I'm once again doing some stuff with Netty's SCTP support - for a
project involving thousands of sensors that are read periodically and
the data collected on a private network, its characteristics are pretty
ideal for small wads of metrics being shot over the wire.
In
stress-testing the code (in ways that are unlikely to appear in real
life, but still...), I've run into an odd little corner case:
NioSctpChannel does the following to send a message:
final int writtenBytes = javaChannel().send(nioData, mi);
return writtenBytes > 0;
while the JDK's SctpChannelImpl, in the send() method that takes a ByteBuffer:
do {
n = send(fdVal, buffer, messageInfo);
} while ((n == IOStatus.INTERRUPTED) && isOpen());
and in the send method that takes a file descriptor:
that winds up calling down into the JDK's SctpChannelImpl.sendFromNativeBuffer() to do this:
int written = send0(fd, ((DirectBuffer)bb).address() + pos, rem, addr,
port, -1 /*121*/, streamNumber, unordered, ppid);
if (written > 0)
bb.position(pos + written);
return written;
and as best I can tell, send0() does not necessarily write all of the data.
So the client winds up receiving a truncated (but claiming to be complete) SctpMessage.
I've got a few workarounds:
-
Flush on a delay instead of immediately (the test is really artificial
in that it's slamming the server with messages in a loop)
-
Store the actual number of bytes written via a threadlocal and check it
(discarded this approach - if you aren't calling from an event loop
thread, the threadlocal is useless, and the below is more reliable)

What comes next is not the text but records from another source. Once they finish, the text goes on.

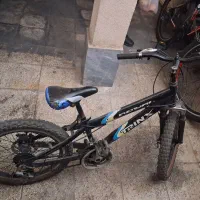 دوچرخه مشکی رنگه ترمز دیسک ۵۳۰۰۰۰۰ دنده ای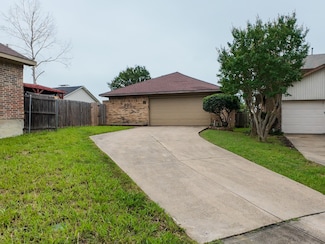820 Via Madonna, Mesquite, TX 75150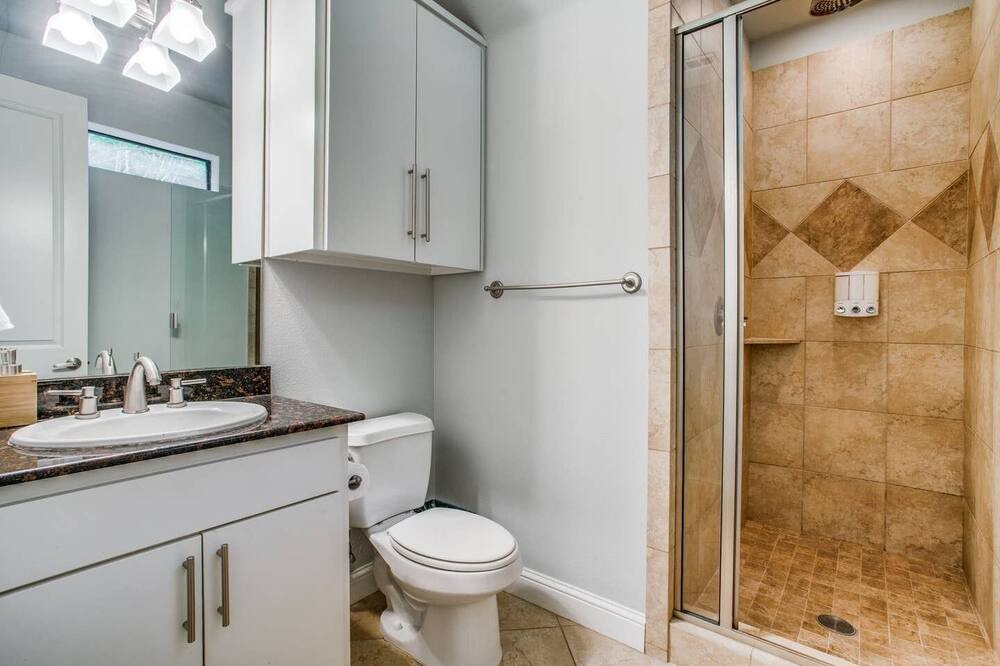Photo of Bathroom in Oak Lawn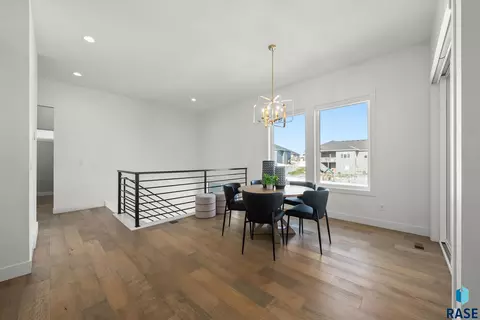 Dining - 7400 E Shadow Pine Cir, Sioux Falls, SD 57110 photo 1 of 2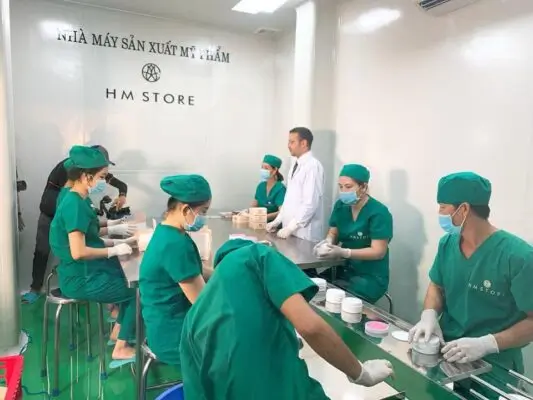 Kem Jussmy Có Tốt Không? Giá Bao Nhiêu? Review Chi Tiết &Amp; Hướng Dẫn Sử Dụng 2 Nhà Máy Sản Xuất Mỹ Phẩm Hm Store – Công Nhân Đóng Gói Kem Jussmy Trong Phòng Sạch Đạt Chuẩn Gmp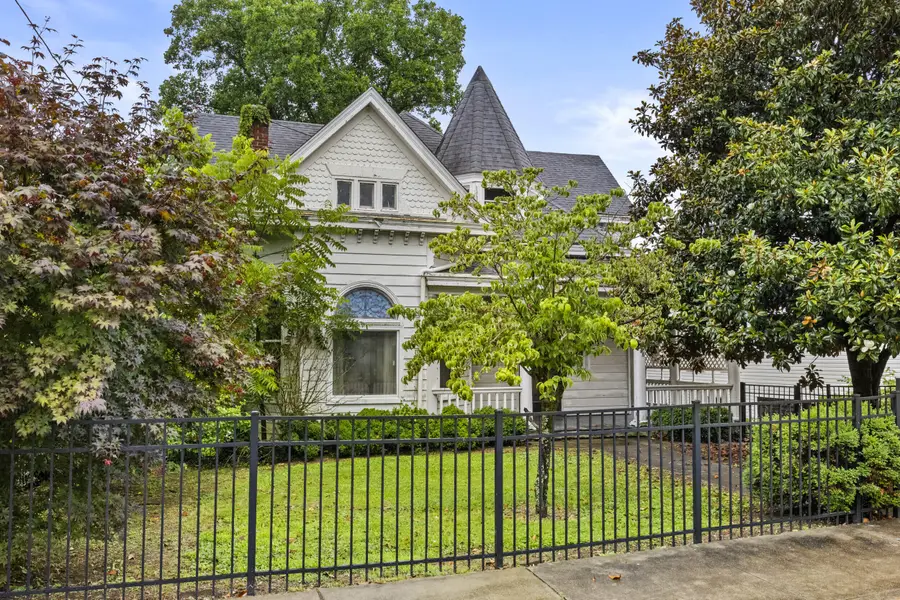 658 Higgins Avenue, Paris, KY 40361 - #2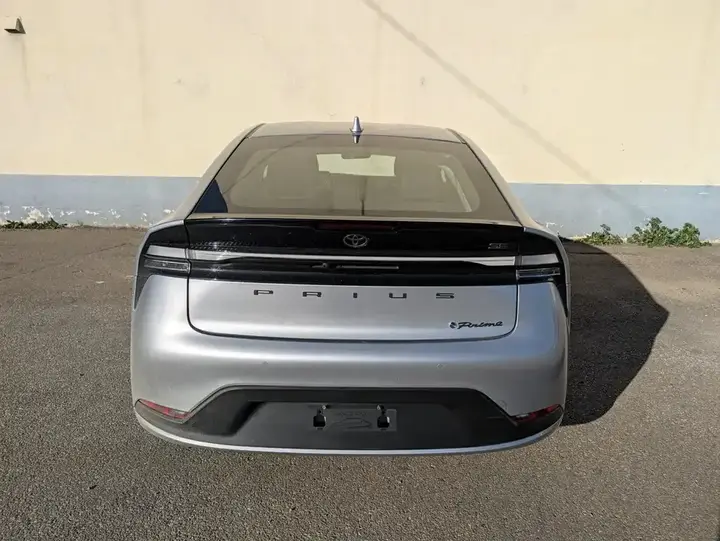 Toyota Prius Prime 2024 photo 3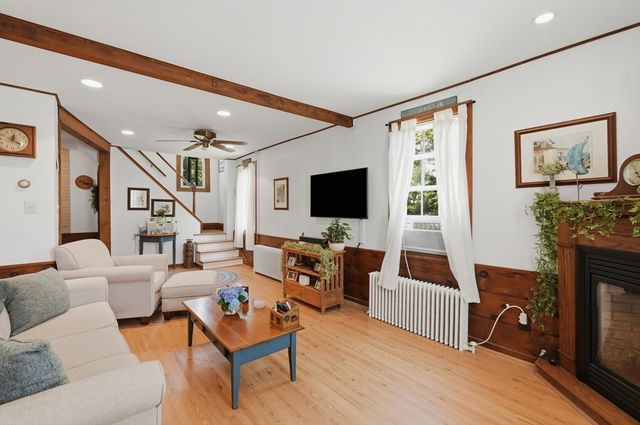 61 Houlton Street, Swansea, MA 02777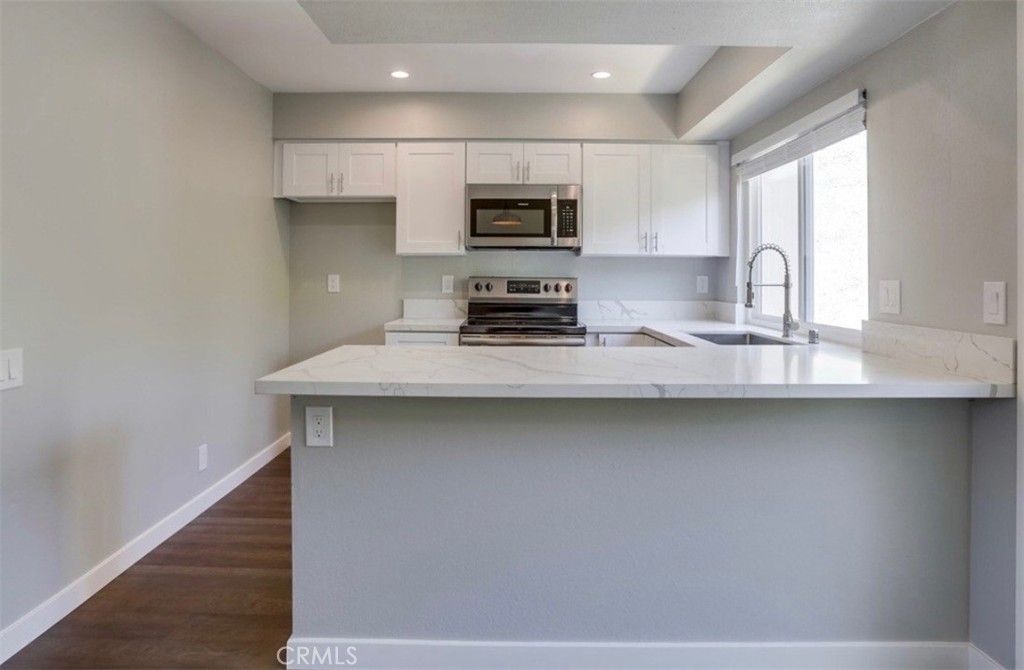Image 6 of property listing at 8085 Caminito De Pizza S, San Diego, CA 92108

- Subclass NioSctpChannel, and have doWrite() compute its return value like this:
int limit = nioData.limit();
final int writtenBytes = javaChannel().send(nioData, mi);
return writtenBytes == limit;
which does
send garbage across the wire; so have the first bytes of each SCTP
message contain the length the sender expected to send, and if the
buffer length doesn't match, simply ignore it (since the sender will
know the write failed and [?] retry it).
This solves the problem, but it is pretty ugly.
Any less ugly approaches? Or something dumb that I'm not thinking of that would solve the problem?
Thanks,
Tim